Gas Chromatographic Quantitative Analysis of Methanol in Wine: Operative Conditions, Optimization and Calibration Model Choice

Abstract

The influence of the wine distillation process on methanol content has been determined by quantitative analysis using gas chromatographic flame ionization (GC-FID) detection. A comparative study between direct injection of diluted wine and injection of distilled wine was performed. The distillation process does not affect methanol quantification in wines in proportions higher than 10%. While quantification performed on distilled samples gives more reliable results, a screening method for wine injection after a 1:5 water dilution could be employed. The proposed technique was found to be a compromise between the time consuming distillation process and direct wine injection. In the studied calibration range, the stability of the volatile compounds in the reference solution is concentration-dependent. The stability is higher in the less concentrated reference solution. To shorten the operation time, a stronger temperature ramp and carrier flow rate was employed.

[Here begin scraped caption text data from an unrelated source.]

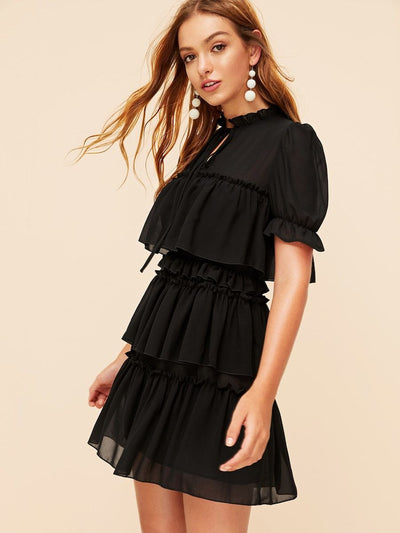 Tie<b style="color:White;"><font size="1"> -</font></b>Neck Ruffle Trim Layered Mesh Dress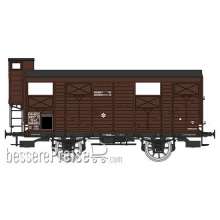 REE Modeles WB-699 - PLM 20 T Closed Wagon brown, N° KKwf 145293 with brakesman home, SNCF Era III A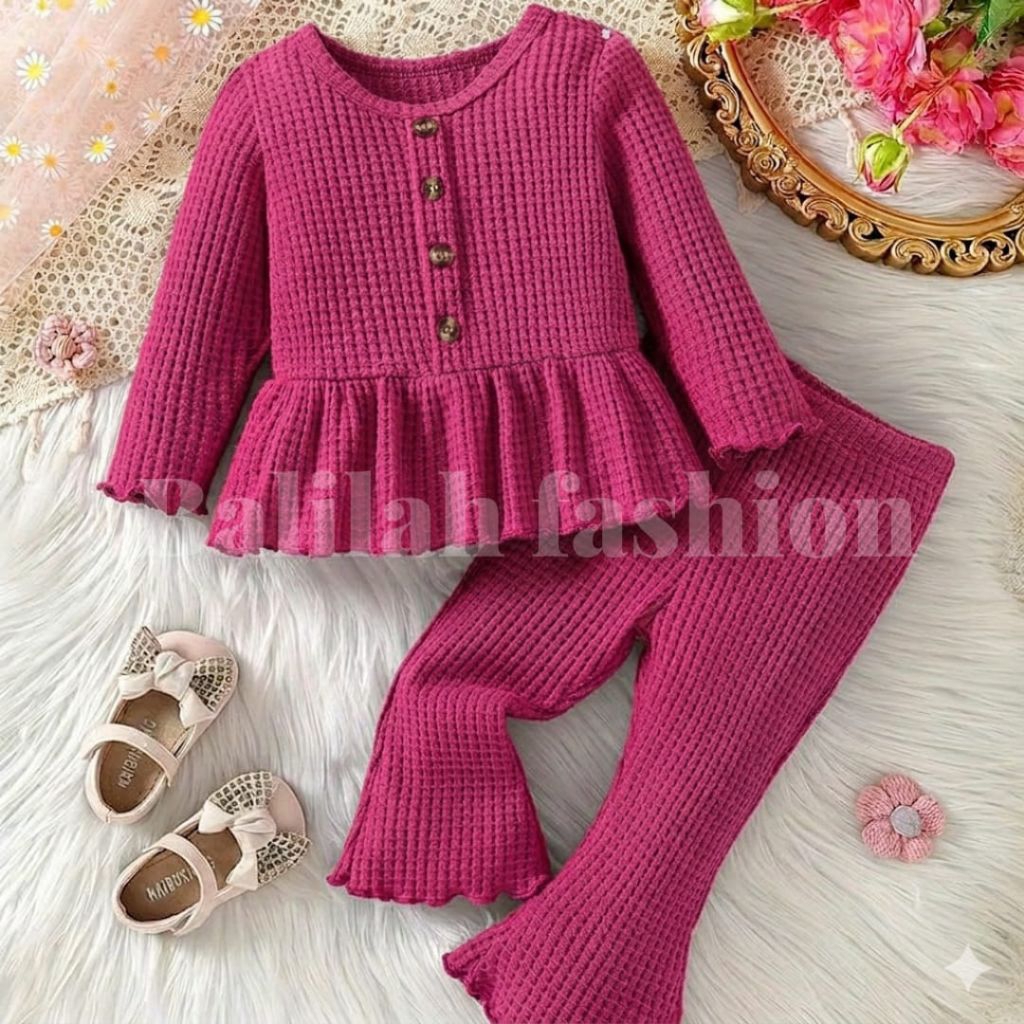Setelan Anak Perempuan 2-8 Tahun Bahan waffle uniqlo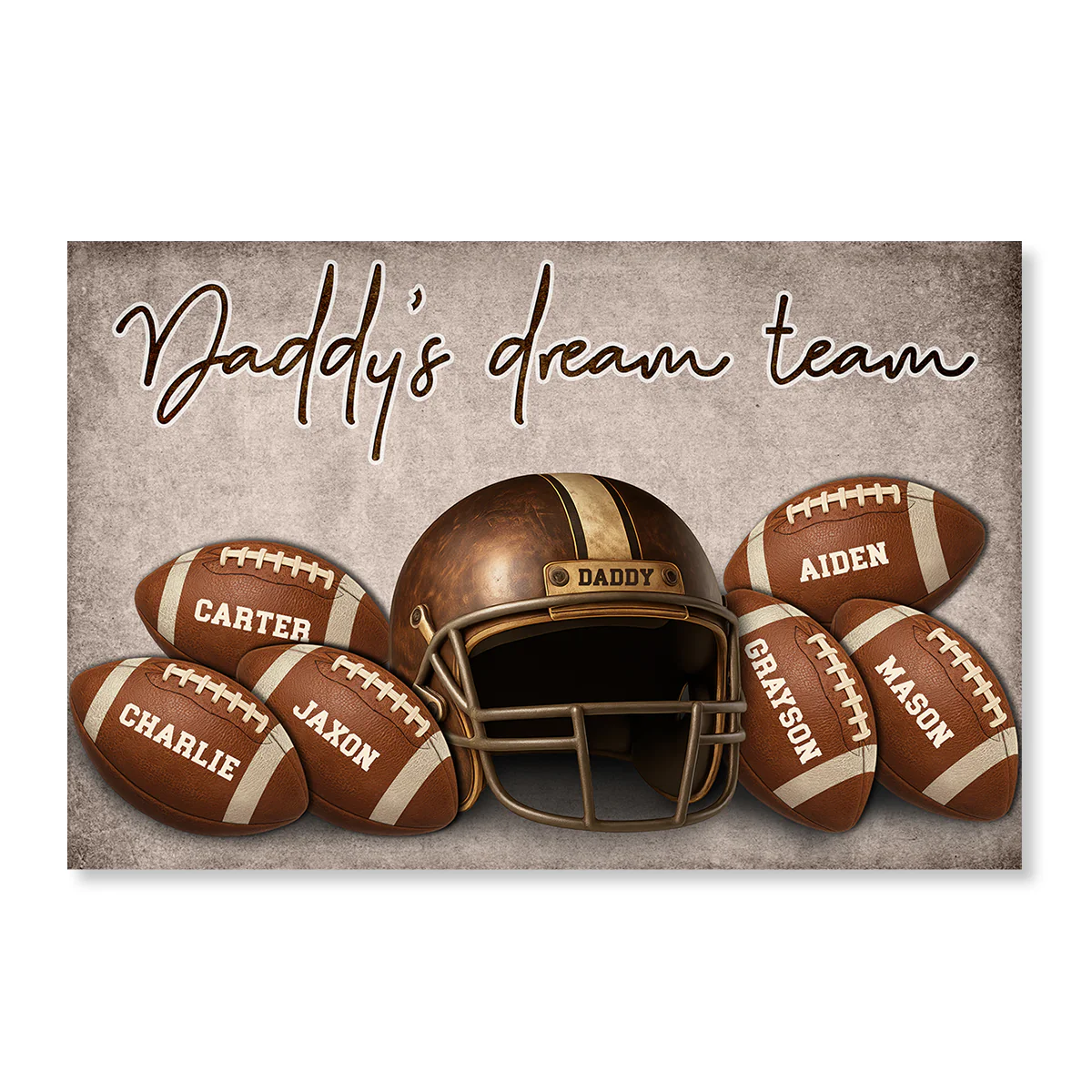 Football Dad Family Names Personalized Poster, Father's Day gift - Image 3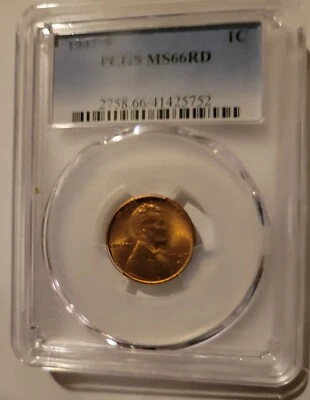 1947 S Lincoln Cent PCGS MS66 RD - Image 1 of 2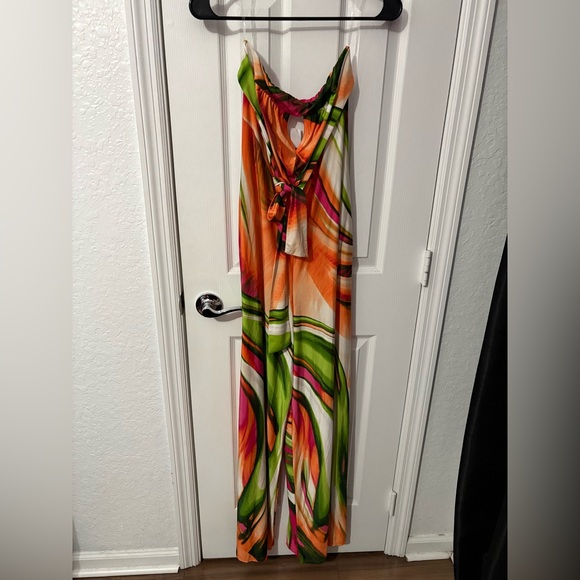 Strapless Tropical Print Jumpsuit - Orange & Green - Picture 2 of 2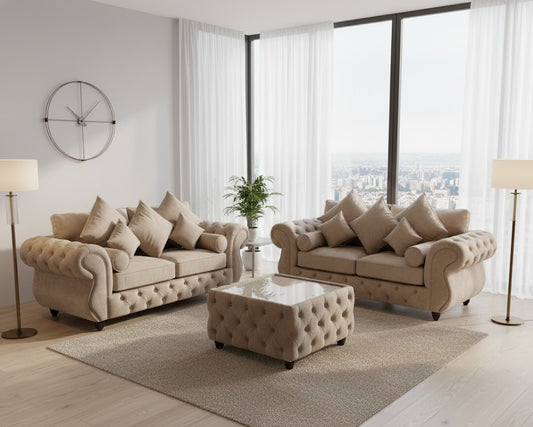 Malibo Beige Plush Velvet, 3 plus 2 Seater Sofa Set with Coffee Table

With these conditions, helium consumption and column thermal stress were increased. However, detection limits, calibration limits, and analytical method performances are not affected substantially by changing from normal to forced GC conditions. Statistical data evaluation were made using both ordinary (OLS) and bivariate least squares (BLS) calibration models. Further confirmation was obtained that limit of detection (LOD) values, calculated according to the 3σ approach, are lower than the respective Hubaux-Vos (H-V) calculation method. H-V LOD depends upon background noise, calibration parameters and the number of reference standard solutions employed in producing the calibration curve. These remarks are confirmed by both calibration models used.